Key risk factors for crypto businesses
When designing compliance and risk management frameworks, crypto businesses must prioritise:
Anti-money laundering (AML) and combating the financing of terrorism (CFT) protocols.
- Cybersecurity measures to protect client assets and information.
- Due diligence on counterparties and service providers.
- Transparency in operations, including clear disclosures to customers.
- Regular training and upskilling for employees on compliance and crypto developments.
Identifying red flags
When it comes to detecting compliance risks early, Potgieter points out several red flags companies should watch for:
- Inconsistent transaction patterns
- Clients who resist providing KYC information
- Use of privacy coins or mixers without clear justification
- Rapid movement of funds across borders
- Weak cybersecurity controls
“These indicators often suggest underlying compliance issues that need to be addressed immediately,” she warns.
Balancing compliance with reputational risk
Balancing regulatory compliance with reputational risk is a delicate act, particularly given the uneven pace of regulatory development globally. “Businesses must focus on ethical leadership and governance,” Potgieter advises. “Even if regulations are unclear in a jurisdiction, companies should still operate according to best practices and their own policies and values.”
This means developing internal standards that may exceed minimum regulatory requirements.
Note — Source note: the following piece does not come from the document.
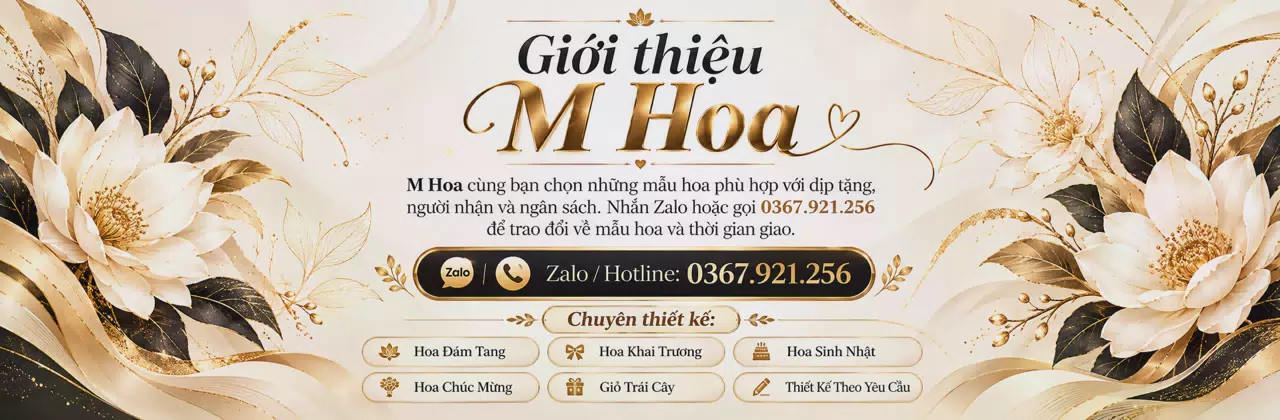 Ảnh bìa Shop hoa tươi Quận 4 - Gửi hoa thay một lời nhắn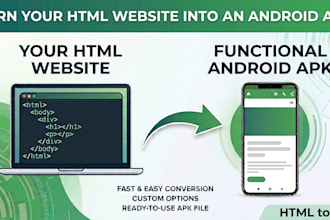convert your HTML website into an apk for android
In doing so, businesses not only protect their reputation but also position themselves as leaders in a rapidly maturing industry.
“Building trust with customers, regulators, and other stakeholders is paramount,” she adds. “It is better to be seen as overly cautious than to be caught unprepared.”
Preparing for shifting regulatory requirements
“Crypto businesses must anticipate change, not merely react to it,” Potgieter advises.
Steps companies should take include:
- Engaging with industry bodies and regulators early in the policy development process.
- Building adaptable compliance frameworks that can accommodate new regulations.
- Monitoring regulatory developments locally and internationally.
- Documenting compliance efforts thoroughly to demonstrate good faith engagement.
- Investing in continuous education and ongoing regulatory scanning to stay ahead.
- Adopting suitable technology such as Chainalysis and TRM for blockchain analytics and transaction tracing to detect illicit activities.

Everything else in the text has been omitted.